A cada romance - e são já 30 -, António Lobo Antunes faz por erguer um universo ficcional com o qual procura colocar-se continuamente em causa, mesmo que, por força do domínio narrativo extremo, possa aparentar não sair da sua zona de conforto, daí nascendo a redutora visão de que escreve infatigavelmente sempre o mesmo livro.

Em "O Tamanho do Mundo", essa ambivalência é mais uma vez notória, com um fluir narrativo hipnótico que encandeia o leitor por uma atmosfera sombria e não raras vezes desoladora. Mas todo esse desamparo é sublimado pela força extrema da linguagem do autor do recente "Diccionário da Linguagem das Flores", capaz de alumiar até as trevas que tão diligentemente cria nos seus romances.

Um estado de alma em concreto atravessa este romance: a solidão. Omnipresente, ela «mede-se pelos estalos dos móveis à noite». O seu ranger inconfundível faz despertar memórias que nos esforçamos em vão por esquecer, agiganta objetos adormecidos e desperta inseguranças ocultas à luz dos dias.

Dedicado à memória dos seus irmãos João e Pedro («porque toda a vida fizemos chichi juntos, lado a lado, para a cascata do jardim», escreve), "O Tamanho do Mundo" é narrado por um conjunto de vozes que (re)clamam pela atenção devida.

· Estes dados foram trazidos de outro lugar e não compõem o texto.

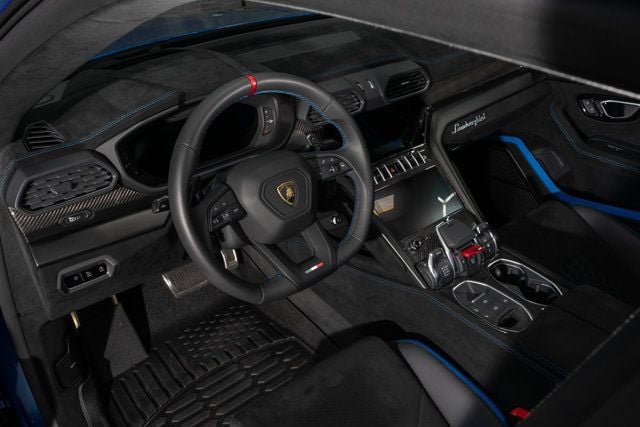 2023 Lamborghini Urus Performante photo 9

Um velho empresário que se apercebe tardiamente de que os proventos materiais não são garantia de felicidade, muito menos de repouso. A sua filha, a quem as reminiscências de um passado doloroso insistem em provocar danos no presente. A cuidadora, incapaz de exercer a sua atividade sem uma míngua de afetos. O seu namorado, ávido em tirar partido de qualquer benefício que a vida lhe possa dar, ainda que à margem da lei.

Com visões e propósitos muito distintos, cada um destes seres é, afinal, um refém da sua própria condição errática. Esbraceja inutilmente a pedir auxílio perante a indiferença geral, restando-lhe construir um território mental autónomo para que consiga lidar com menor dificuldade perante a voragem do quotidiano.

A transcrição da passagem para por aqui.